Neurotmèse : section complète du nerf. Pronostic de récupération nulle, anastomoses nerveuses avec greffe possibles.
Nerfs: radial, médian, cubital, tibial, péronier superficiel/profond, saphène, sural
Atteinte vasculaire
Catégorie 3 des fractures ouvertes.
Délabrement tissulaire majeur.
Choc hypovolémique
Fracture fermée du fémur peut provoquer hématome de 1L.
Si patients précaires ou autres fractures et/ou hémorragie extériorisée à défaillance possible.
Thrombophlébite
Très fréquente.
Retirer immobilisation plâtrée pour faire Doppler.
Warfarine 3 mois.
Embolie pulmonaire
Provient d’un thrombus des MI.
Embolie graisseuse
Migration des graisses à partir du foyer de fracture.
Rare (surtout fémur ou bassin).
Symptômes peuvent survenir avant, pendant ou après chirurgie.
Phase initiale : fièvre élevée, agitation, troubles comportement, polypnée, pétéchies.
Phase tardive : syndrome cutanéo-muqueux avec hémorragie sous conjonctivale et purpura, détresse respiratoire, troubles de la conscience et trouble végétatif, syndrome oculaire.
Fond d’oeil → taches blanches cotonneuses, hémorragies rétiniennes et oedème maculaire.
Support ventilatoire et réanimation liquidienne.
Pronostic variable (si pas de symptômes, mort brutale).
Prévention à remplissage vasculaire, immobilisation fracture, antalgiques, chirurgie 24-72 heures (ne pas le mobiliser sur longue distance).
Gangrène gazeuse
Complication grave provoquée par clostridium welchii.
Plaie souillée, délai d’incubation de quelques heures à 6 jours.
Crépitation gazeues sous cutanée perçue à la palpation.
Tétanos
Plaie souillée, clostridium tetani (matières végétales).
Contractions musculaires intenses (trismus) fatale.
Vacciner patients avec fractures ouvertes contaminées.
Syndrome compartimental
Ischémie musculaire par interruption de la circulation capillaire par augmentation de la pression intra-compartimentale dans loge musculaire inextensible.
Surtout jambes (60-80%).
Ischémie de stase OU diminution apport sanguin.
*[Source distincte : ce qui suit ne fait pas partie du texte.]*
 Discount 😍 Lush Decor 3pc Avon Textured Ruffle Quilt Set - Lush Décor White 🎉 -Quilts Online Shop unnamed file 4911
Oedème cellulaire → auto-aggravation.
Douleur, symptômes sensitifs et moteurs.
Mesure de la pression intra-compartimentale.
PA diastolique – P intracompartimentale < 30 mm Hg ou P intracompartimentale isolée > 30 mm Hg.
Fasciotomie de décompression en urgence dès que suspecté.
Complications tardives des fractures
Non-union (pseudoarthrose)
Pas de consolidation osseuse après au moins 2x durée normale.
RX sériées avec suivi de la progression du cal osseux.
Fixation rigide de la fracture et greffe osseuse (stock osseux de la crête iliaque souvent).
Mal union
Consolidation osseuse en position vicieuse d’une fracture.
Séquelles fonctionnelles et esthétiques.
Ostéomiser le foyer, réaligner les structures osseuses.
Ankylose articulaire
Fractures intra-articulaires surtout.
Adhérence intra-articulaire et incongruence articulaire → ankylose.
Réhabilitation agressive pour préserver amplitude.
Nécrose avasculaire
Fracture déplacée du col fémoral, dôme de l’astragale, tiers proximal du scaphoïde.
Signes radiologiques peuvent prendre jusqu’à 18 mois → IRM.
Algodystrophie sympathique réflexe
Syndrome clinique secondaire à un dysfonctionnement du SNA causé par trauma.
Oedème important, douleur, raideur, ostéopénie, changements trophiques.
Préserver amplitude, cortisone PO, blocs sympathiques répétés.
Ostéomyélite
Infection osseuse d’origine bactérienne.
Surtout fractures ouvertes.
ATB prolongée, drainage chirurgical.